> [TASK DESCRIPTION] Starting at the line with "编号：80668909230144217919【酷图网】源文件下载-邀请函", retype each line exactly up to and including the final line of the records below.

+ + + + +

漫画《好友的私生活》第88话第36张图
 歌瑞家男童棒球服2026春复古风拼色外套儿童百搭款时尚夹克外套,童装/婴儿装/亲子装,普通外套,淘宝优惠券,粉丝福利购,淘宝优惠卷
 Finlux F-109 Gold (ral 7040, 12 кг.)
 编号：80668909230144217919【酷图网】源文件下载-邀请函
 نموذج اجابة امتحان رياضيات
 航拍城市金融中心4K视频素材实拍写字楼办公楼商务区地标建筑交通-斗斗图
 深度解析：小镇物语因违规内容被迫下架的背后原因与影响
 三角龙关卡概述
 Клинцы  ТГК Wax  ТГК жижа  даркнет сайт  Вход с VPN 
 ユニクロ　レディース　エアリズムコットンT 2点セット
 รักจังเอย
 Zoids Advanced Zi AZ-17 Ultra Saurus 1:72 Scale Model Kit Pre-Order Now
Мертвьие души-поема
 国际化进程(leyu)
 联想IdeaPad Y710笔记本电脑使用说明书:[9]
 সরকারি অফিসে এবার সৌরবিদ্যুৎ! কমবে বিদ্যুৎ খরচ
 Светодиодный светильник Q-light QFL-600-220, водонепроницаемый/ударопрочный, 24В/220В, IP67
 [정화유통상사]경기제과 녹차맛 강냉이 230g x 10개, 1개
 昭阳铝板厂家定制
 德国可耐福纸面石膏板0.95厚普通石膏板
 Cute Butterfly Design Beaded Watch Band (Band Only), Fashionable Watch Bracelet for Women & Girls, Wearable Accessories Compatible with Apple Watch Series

+ + + + +

> [EXERCISE OUTPUT]
 编号：80668909230144217919【酷图网】源文件下载-邀请函
 نموذج اجابة امتحان رياضيات
 航拍城市金融中心4K视频素材实拍写字楼办公楼商务区地标建筑交通-斗斗图
 深度解析：小镇物语因违规内容被迫下架的背后原因与影响
 三角龙关卡概述
 Клинцы  ТГК Wax  ТГК жижа  даркнет сайт  Вход с VPN 
 ユニクロ　レディース　エアリズムコットンT 2点セット
 รักจังเอย
 Zoids Advanced Zi AZ-17 Ultra Saurus 1:72 Scale Model Kit Pre-Order Now
Мертвьие души-поема
 国际化进程(leyu)
 联想IdeaPad Y710笔记本电脑使用说明书:[9]
 সরকারি অফিসে এবার সৌরবিদ্যুৎ! কমবে বিদ্যুৎ খরচ
 Светодиодный светильник Q-light QFL-600-220, водонепроницаемый/ударопрочный, 24В/220В, IP67
 [정화유통상사]경기제과 녹차맛 강냉이 230g x 10개, 1개
 昭阳铝板厂家定制
 德国可耐福纸面石膏板0.95厚普通石膏板
 Cute Butterfly Design Beaded Watch Band (Band Only), Fashionable Watch Bracelet for Women & Girls, Wearable Accessories Compatible with Apple Watch Series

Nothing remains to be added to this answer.